M. Poutine a également déclaré (25.02.22) que son objectif dans la guerre était de « démilitariser et de dénazifier l’Ukraine ». Six mois après, la démilitarisation a manifestement échoué car des armes occidentales se déversent, tous les jours, dans le pays. Et si la dénazification signifie établir un régime conforme, projeter une sphère d’influence ou, comme certains le suggèrent, détruire la démocratie en Ukraine, l’échec de la Russie est total. La haine et l’hostilité des ukrainiens envers la Russie vont bien durer des décennies.
Corrompus, mal dirigés et sous-motivés, les militaires russes ont été repoussés de Kiev par des Ukrainiens beaucoup moins bien formés et équipés. Tous les gains russes dans le sud-est de l’Ukraine ont été accomplis en pulvérisant le territoire à distance, puis en prenant en charge les décombres pratiquement, totalement, dépeuplés.
Mais… Les agresseurs potentiels ne pourront s’empêcher de remarquer les coûts élevés que la guerre a imposés à la Russie en termes de pertes humaines, de pertes économiques et d’isolement international. L’économie kléptocratique de la Russie était déjà en déroute depuis une dizaine d’années, et la guerre de Poutine, même si elle s’arrête, d’une façon ou d’une autre, aliénera probablement les clients et les investisseurs éventuels au moins aussi longtemps qu’il sera aux commandes — et probablement beaucoup plus longtemps.
Les agresseurs potentiels peuvent également noter que même si Poutine peut s’accrocher à ses gains territoriaux en Ukraine, il devra les reconstruire, les subventionner pour les gouverner. Ils auront du mal car les forces russes semblent enclines à commettre des actes brutaux qui accroissent l’hostilité à l’égard des occupants étrangers. Ils n’ont pas tenu en Afghanistan (pays de moins de 10 millions d’habitants) ils ne tiendront jamais en Ukraine (pays de 45 millions d’habitants. (International Affairs Forum, 05.08.22)
Ce que la Russie de M. Poutine fait en Ukraine, au vu et au su du monde entier (sauf d’une majorité de russes qui n’ont que la censure de M. Poutine comme source d’information vu le régime totalitaire qu’il a mis en place) ne fait aucun doute quant au fait qu’il s’agit de la destruction d’un peuple, de sa culture, de son patrimoine et de sa langue, ce qui est une preuve supplémentaire de l’intention de la Russie non seulement de briser une nation, mais de détruire tout ce qui en fait une nation. Et le mot pour cela est « génocide » (selon la définition de l’inventeur du mot, R. Lemkin, 1946). Mot que les dirigeants de l’Europe n’ont pas le courage de prononcer ni celui de dire à leurs peuples que ce de quoi il s’agit aux confins de l’Europe préfigure le futur que M. Poutine (la Chine, la Turquie, l’Iran aussi) voudrait nous préparer.

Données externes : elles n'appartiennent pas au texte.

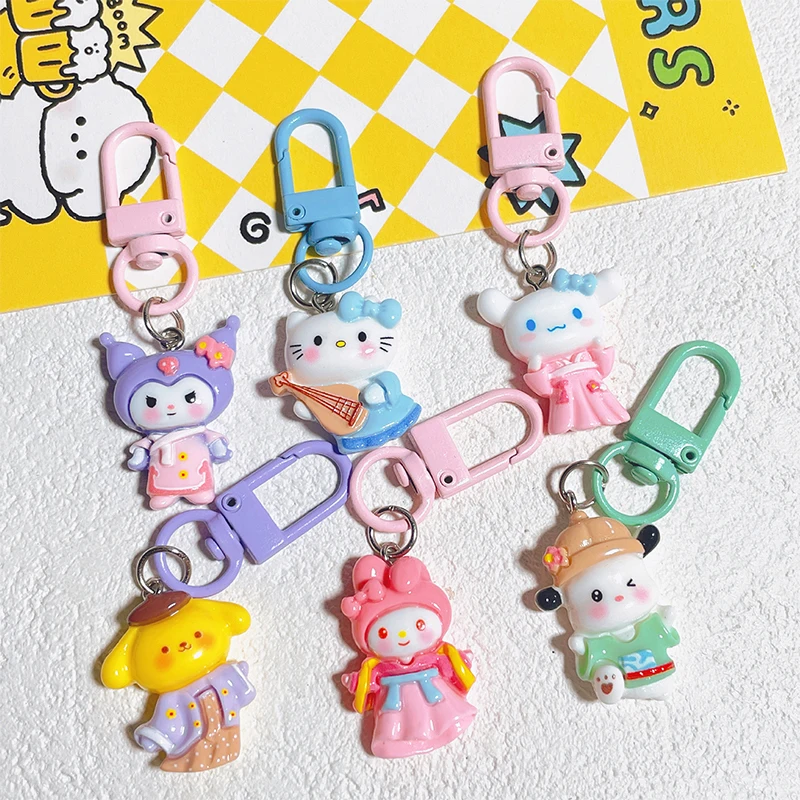 

Kawaii Sanrio Hello Kitty Kuromi Melody Cinnamon Dog Keychain Cartoon Bag Pendant Cute Key Accessories Gift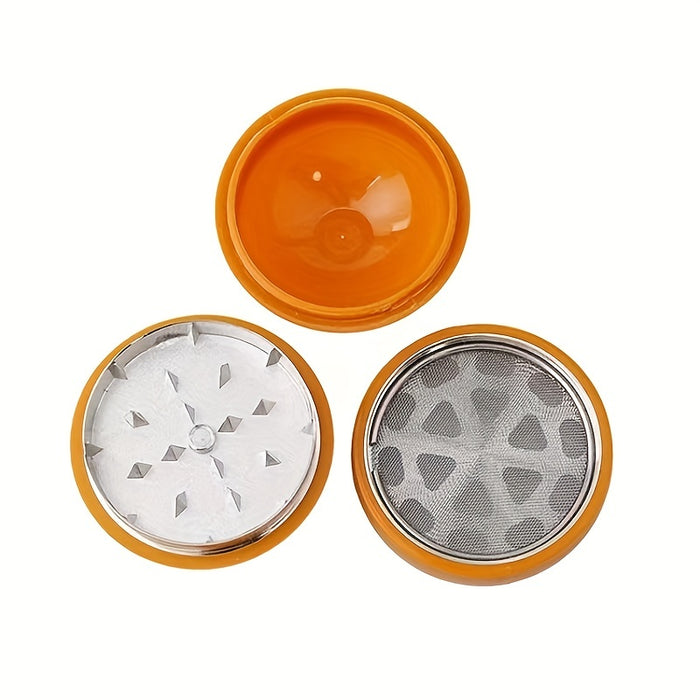 1pc, Creative Smoking Grinder Device, Round Tobacco Grinder, Four Star Yellow Ball Smoking Grinder, Smoking Accessories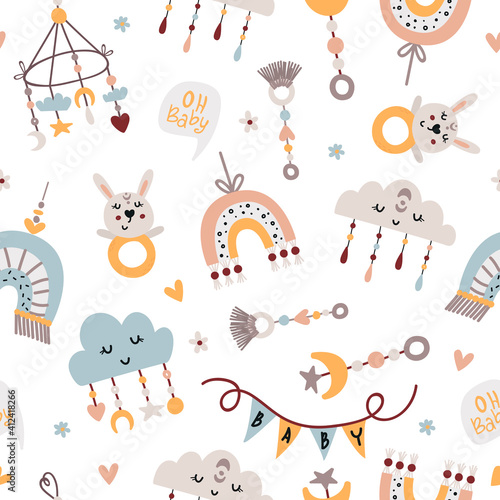 Seamless pattern with baby mobiles and toys.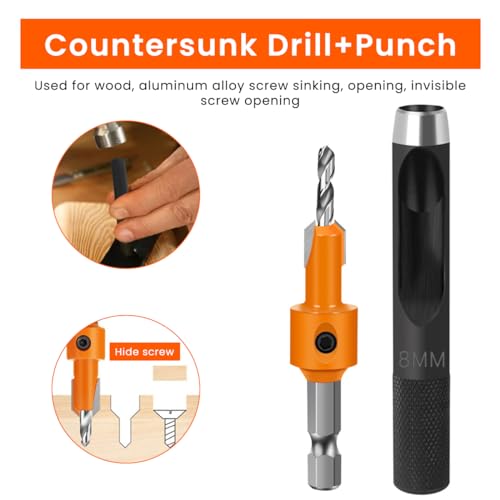 Image of Serplex 11Pcs Countersink Drill Bit Set, 5Pcs Countersink Drill Bit with 6Pcs Extra Pilot Drilling Bits, 8mm Shank, Woodworking Countersink Drilling Bits Set Counter Sinker for Woodworking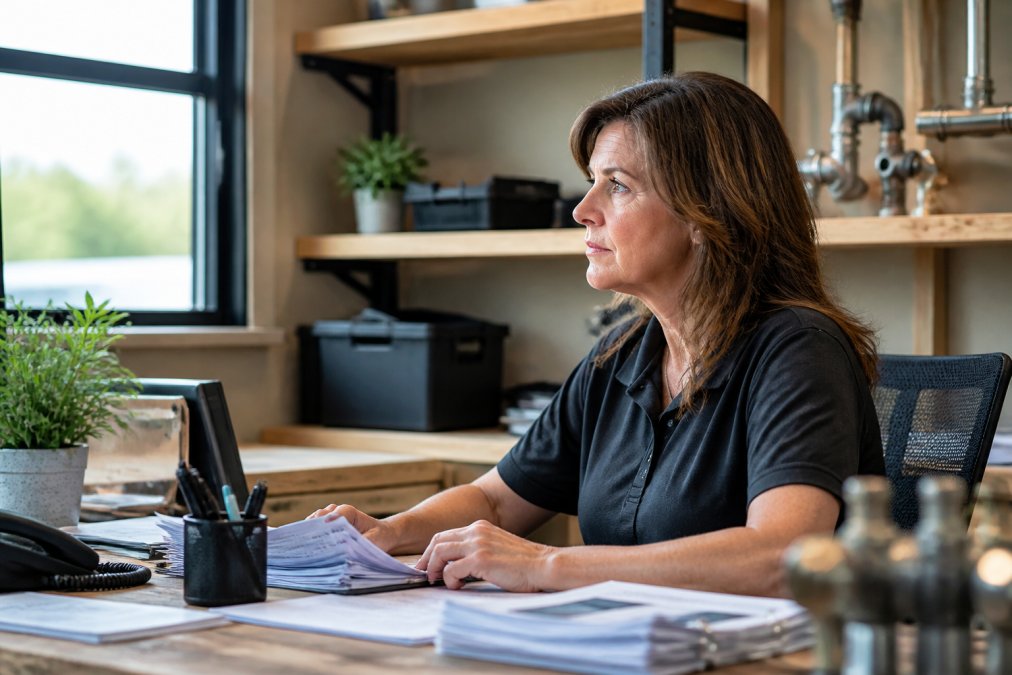 Business owner or office manager reviewing dispatch software on a computer monitor with focused professional expression, modern home services office setup with natural lighting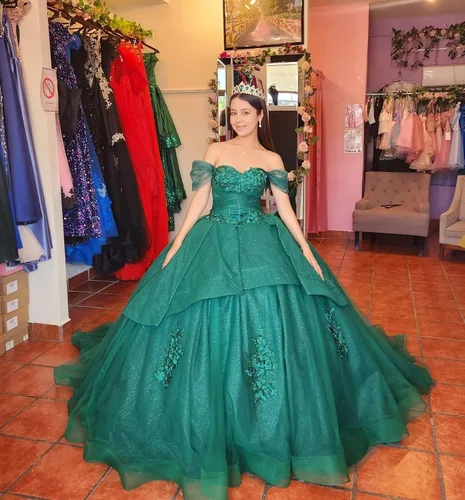 Vista 7 de Mauuwy Vestidos florales de quinceañera, vestido de baile hinchado de tul dorado con encaje dulce 16 vestidos de fiesta con hombros descubiertos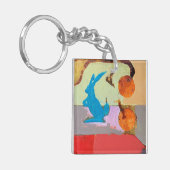 青うさぎ キーホルダー (正面左)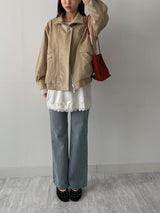 Verdi Flap Overfit Suede Blouson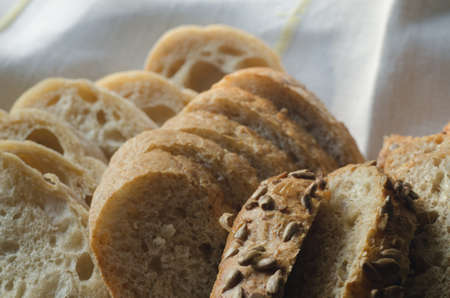 closeup to fresh sliced bread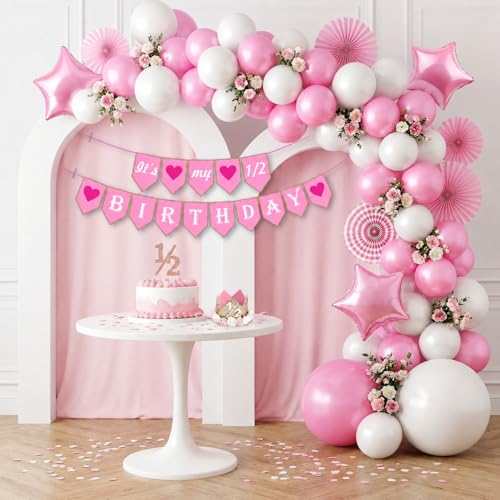 Image of Party Propz Half Happy Birthday Decoration Kit - 52 Pcs, Balloons for Birthday, Bday Decor Items with 1 /2 Birthday Crown, 1 /2 Happy Birthday Banner, Half Bday Decoration for Baby (Cardstock)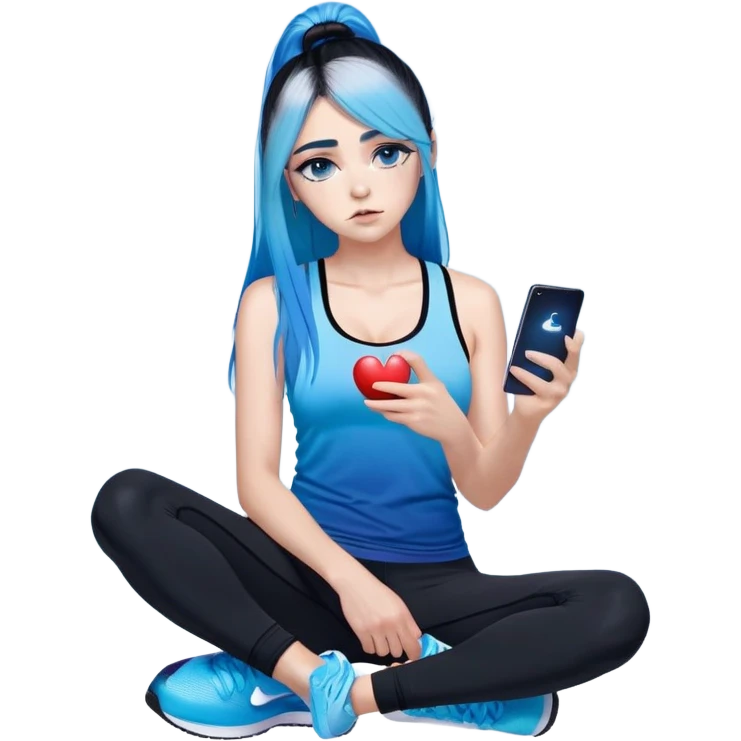 Heart broken and disappointed-very very very very large chest-texting on a samsung cell phone-very long straight flowing black to sky blue hair ombre-blue eyes-black eyeliner-long eyelashes-iridescent sky blue very low cut tank top with sparkling middle finger logo-black leggings-nike sneakers emoji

Et si on place nos espoirs en l’Europe, la poétesse roumaine Ana Blandiana nous avait avertis : Il est évident que dans le choc implacable des civilisations, l’Europe va perdre non pas parce qu’elle n’a pas de ressources, mais parce qu’elle n’a pas la foi. Et je ne parle pas seulement de la foi en Dieu, bien que ce soit évidemment ce dont il s’agit, mais simplement du pouvoir de croire en quelque chose. L’affrontement entre celui qui croit fermement en la vérité de sa foi, aussi aberrante que puisse être cette vérité, et celui qui doute de la vérité de ses idéaux, aussi brillants soient-ils, se terminera toujours par la victoire du premier. (Discours Docteur HC, Cluj – 2016)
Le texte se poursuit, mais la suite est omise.